Further down are entries; set down exactly and only the lines from the one with "El Presidente Alberto" up to and including the one with "Wand-Blumentopfhalter ø 16 cm, schwarz", dropping each picture.

Records supplied START

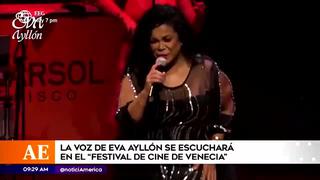 Eva Ayllón será escuchada en el Festival de Cine de Venecia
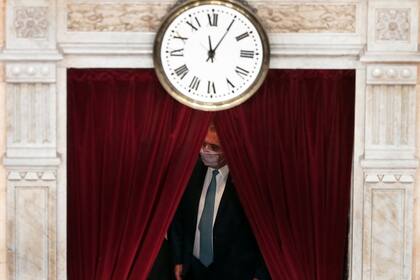 El Presidente Alberto Fernández minutos antes de la apertura de las Sesiones Legislativas en el Congreso de La Nación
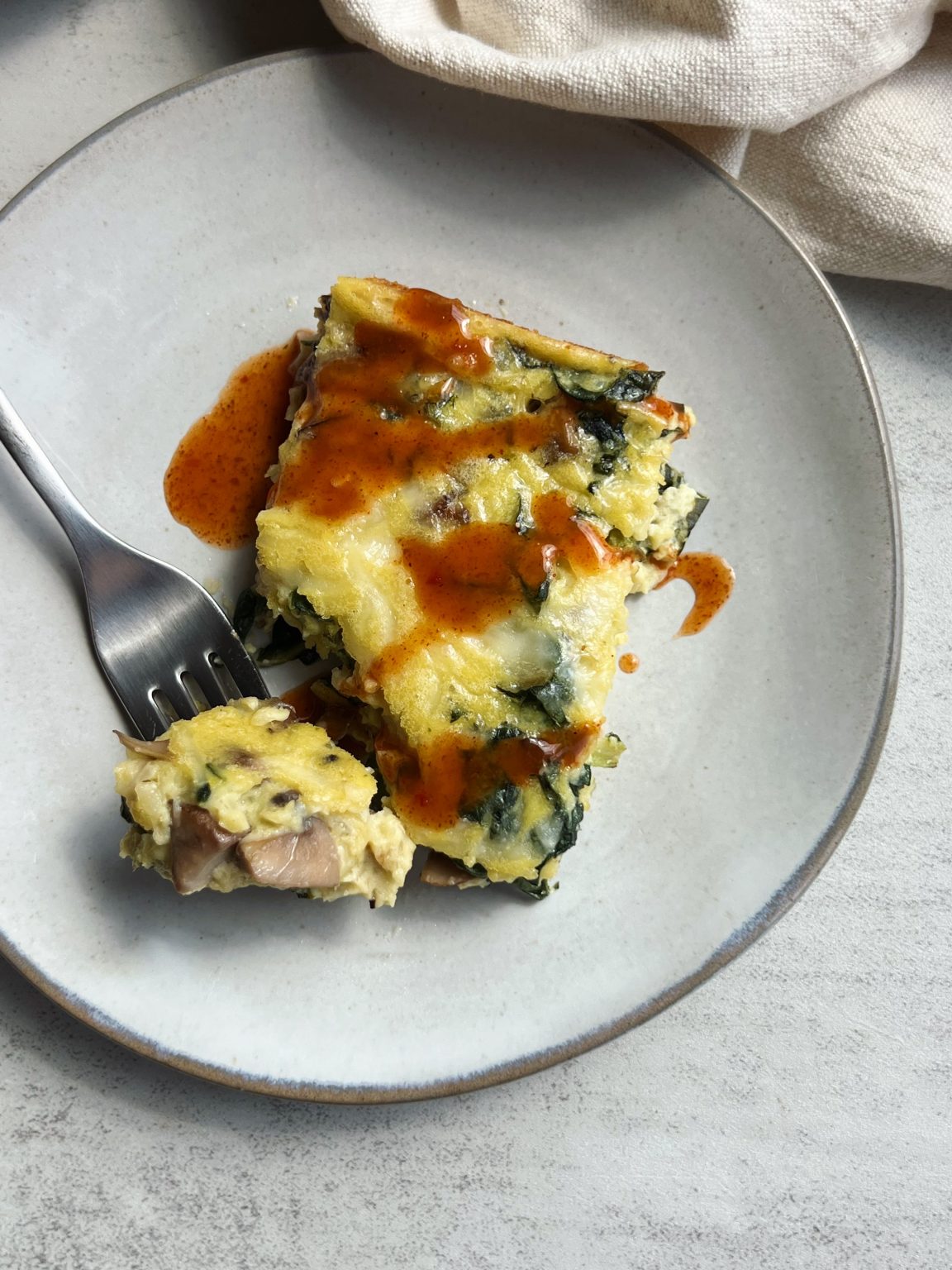 Kale and Mushroom Egg Bake Something Nutritious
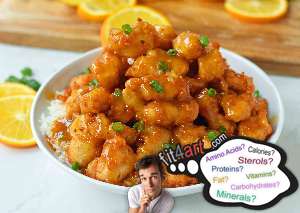 how many calories are in a chinese orange chicken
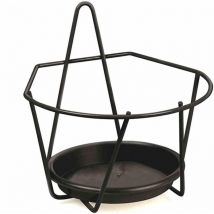 Wand-Blumentopfhalter ø 16 cm, schwarz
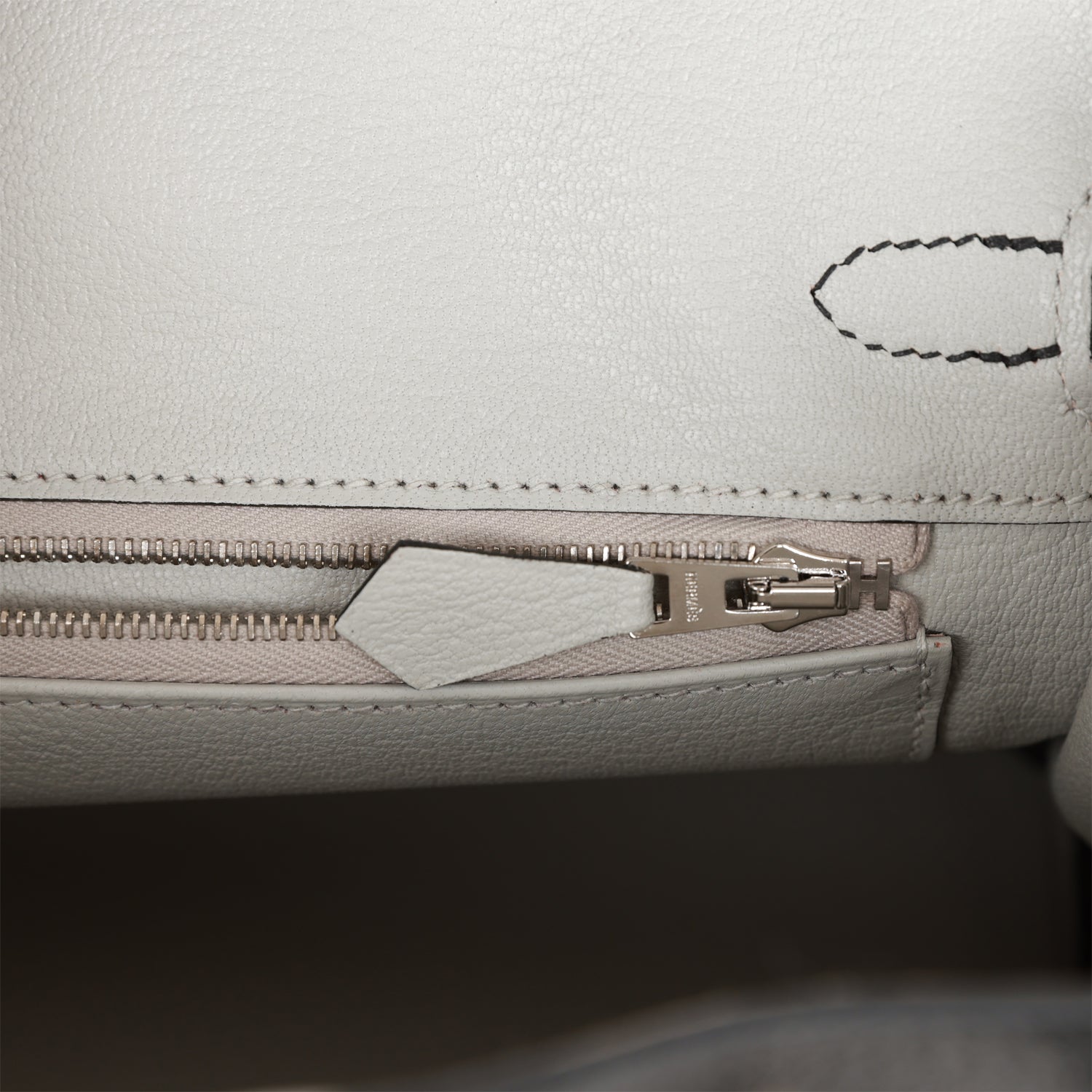 HMS Special Order (HSS) Birkin 25 Black and Gris Perle Chèvre Brushed Palladium Hardware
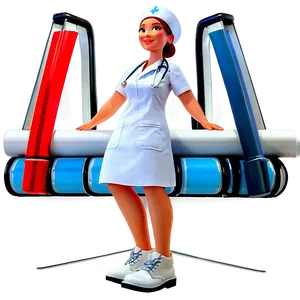 Animated Nurse Student Png Ioy60 PNG Image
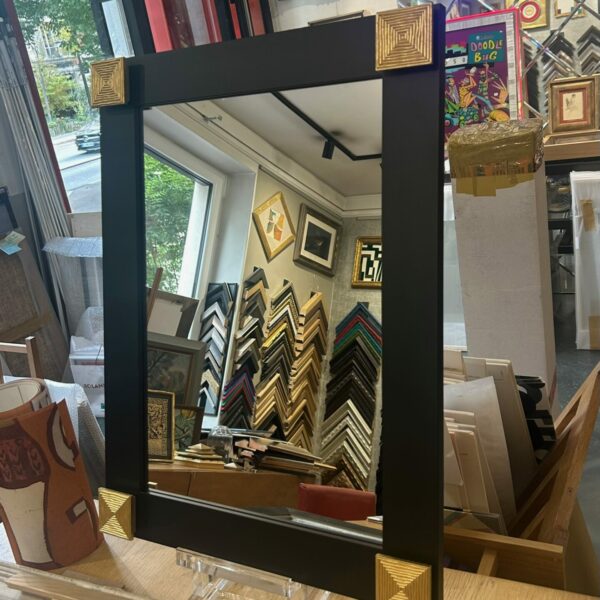 encadrement miroir cadre noir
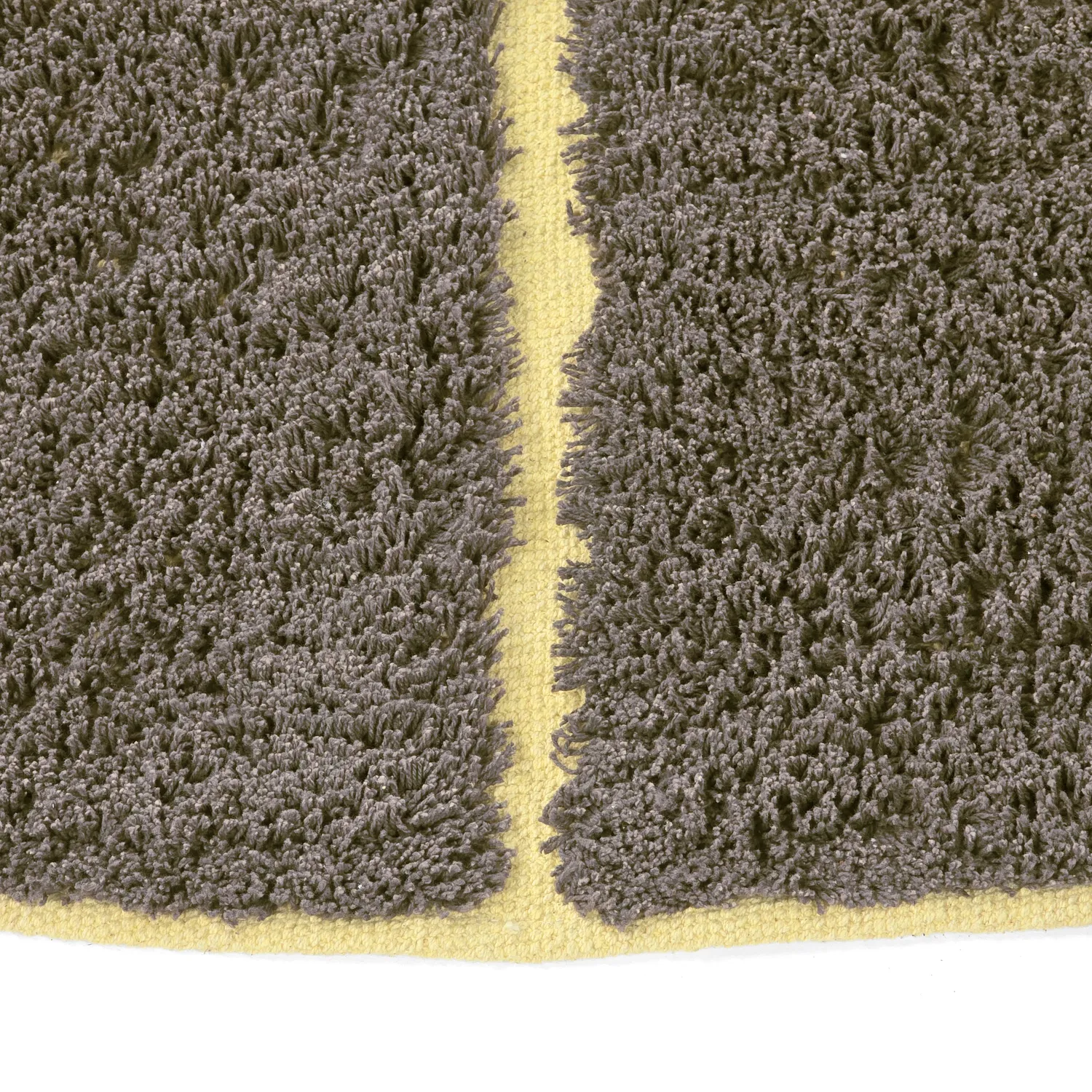 Ronde vloerkleden - Bellevue Natural Cotton Shaggy (bruin/geel)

Records supplied END

▸ **Answer section**
 El Presidente Alberto Fernández minutos antes de la apertura de las Sesiones Legislativas en el Congreso de La Nación
 Kale and Mushroom Egg Bake Something Nutritious
 how many calories are in a chinese orange chicken
 Wand-Blumentopfhalter ø 16 cm, schwarz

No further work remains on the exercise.